On Prayers & Praying…

Praying

A while ago, I received a text from a friend asking me to pray for someone who was very ill. She asked if I would put his name in my prayer jar or God jar as I affectionately call it.

We should always feel honored and consider it a privilege when someone asks us to pray.  It tells us that they believe we have a connection to God and that just maybe He will hear us and answer our prayers on their behalf.  It also indicates that they have a measure of faith, but maybe they feel inadequate or they’re not quite sure how to pray.  Some people don’t understand that prayers don’t have to be long, complicated or eloquent.  They can be as simple as talking to God as if He were a parent or a friend.  There are those who know how to pray but sometimes if the matter is urgent enough, they recruit other “prayer warriors” to join in. Whatever the reason, it is always a privilege to be asked by someone to pray.   

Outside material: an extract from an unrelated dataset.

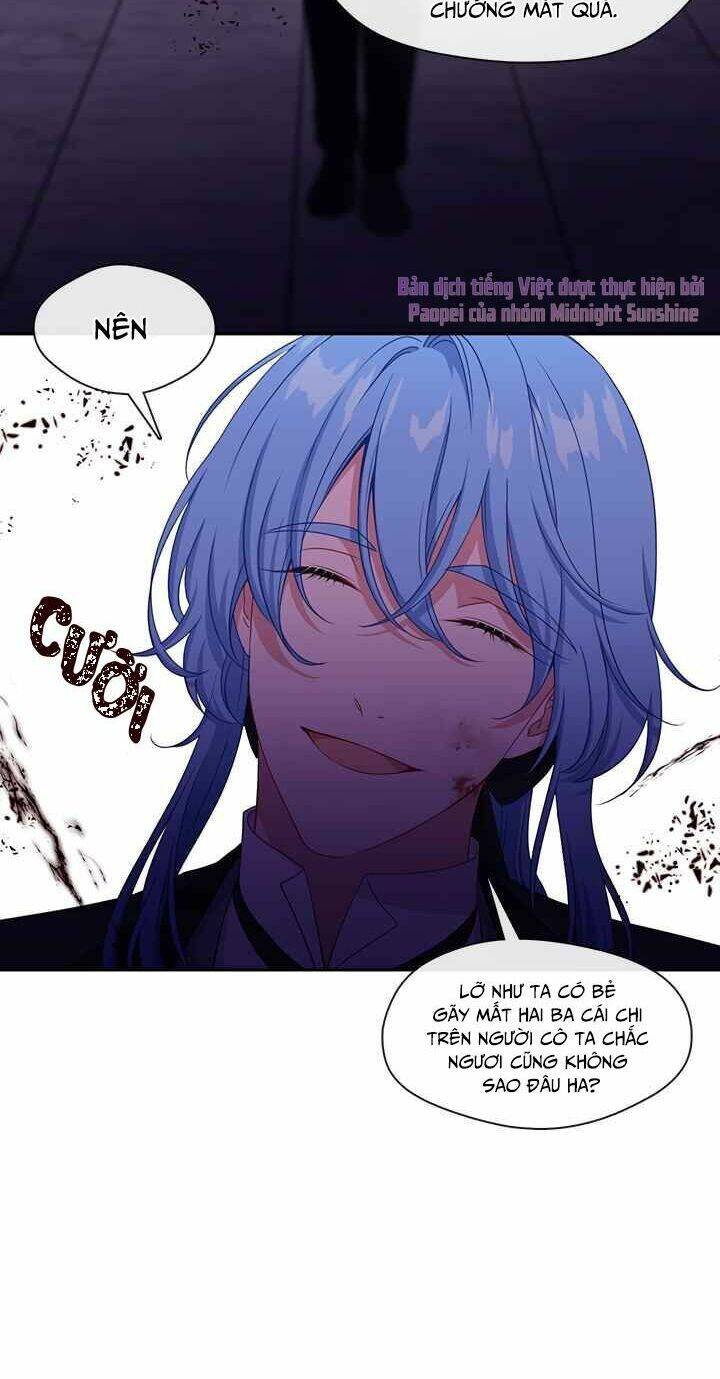 Hãy Coi Chừng Ác Nữ Chapter 52 - 29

To be honest, there are times when I don’t know how to pray for someone in a particular situation.  Sometimes I can’t seem to make the words come out just right.  At times like this, I rely on Jesus to stand in the gap for me; to be my intercessor with my heavenly Father.  I do this because I can’t begin to understand what God’s will is for another person’s life.  There may be lessons He’s trying to teach them or others involved and I don’t want to interfere in God’s plan.  

There are three forces (or wills) at work in our lives all of the time.  There’s God’s will, our own free will (which God will never interfere with) and then there’s Satan’s will.  God’s will for our life is goodness, while Satan looks for every opportunity to destroy us.  Our own free will (the choices we make) is where we often times get into trouble.  A proper closing for any prayer should be the phrase “Thy will not mine be done”.

Unfortunately, things will continue to happen in our lives and in the lives of others that we won’t understand.  One thing for certain is that prayer helps and prayer works.  Believe in miracles and believe in God’s power to heal, comfort and restore.  As believers we should be beacons of light, offering hope and encouragement to those around us, not just in the wake of tragedy, but everyday.  If we say we’re going to pray for someone, then we need to do it and continue to pray until the need is met.

The young man in the text lost his battle with brain cancer.  Unfortunately all prayers don’t get answered the way we’d like, but there’s comfort in knowing that sometimes God has a better plan.  

Prayer is a privilege, prayer is a gift and prayer works.